# Let $M$ be a subfield of Complex field such that $M/\Bbb Q$ is a finite Galois extension

Let $$M$$ be a subfield of Complex field such that $$M/\Bbb Q$$ is a finite Galois extension. Show that if $$[M:\Bbb Q]$$ is an odd number, then $$M$$ is a subfield of Real field.

My current thought is since $$M/\Bbb Q$$ is Galois, it is a normal extension. That is, if $$f(x)$$ has a root in $$M$$, all roots of $$f(x)$$ are in $$M$$. However, I don't know how to continue from here.

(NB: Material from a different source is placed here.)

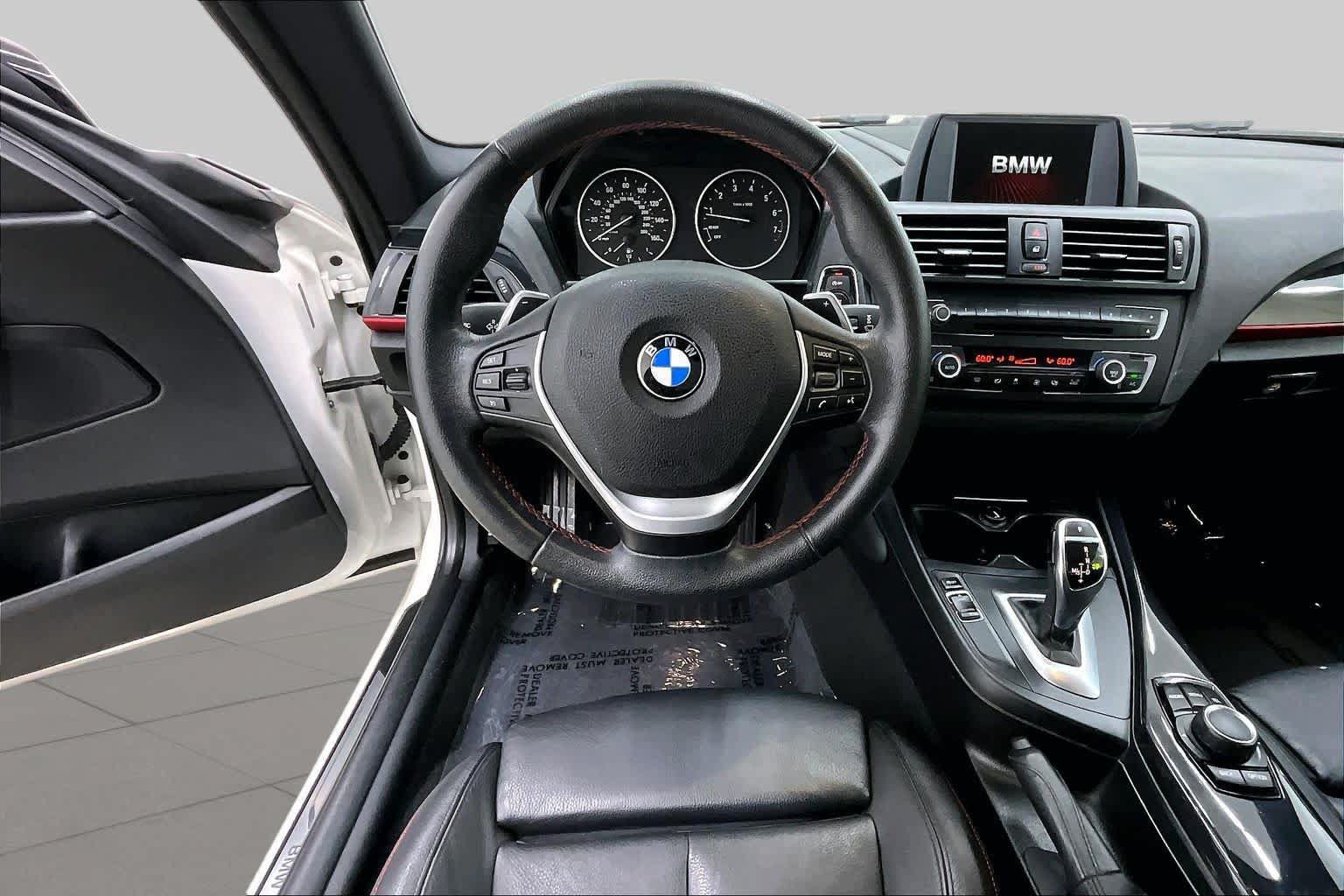 Used 2014 BMW 228i Coupe RWD image 5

Since $$M/\mathbb{Q}$$ is finite and Galois, it can be thought of as the splitting field of some separable polynomial $$p(x)$$ with rational coefficients. If $$M$$ were not a subfield of $$\mathbb{R}$$, then $$p(x)$$ would have a nonreal complex root, $$\alpha$$. Since all of $$p$$'s coefficients are real then $$\overline{\alpha}$$ would be a root of $$p$$ as well. Now complex conjugation would be a nontrivial automorphism of $$M$$ fixing $$\mathbb{Q}$$, so it would be in the Galois group. But complex conjugation has order 2 as an automorphism, so the size of the Galois group, $$[M:\mathbb{Q}]$$ would be even by Lagrange's theorem.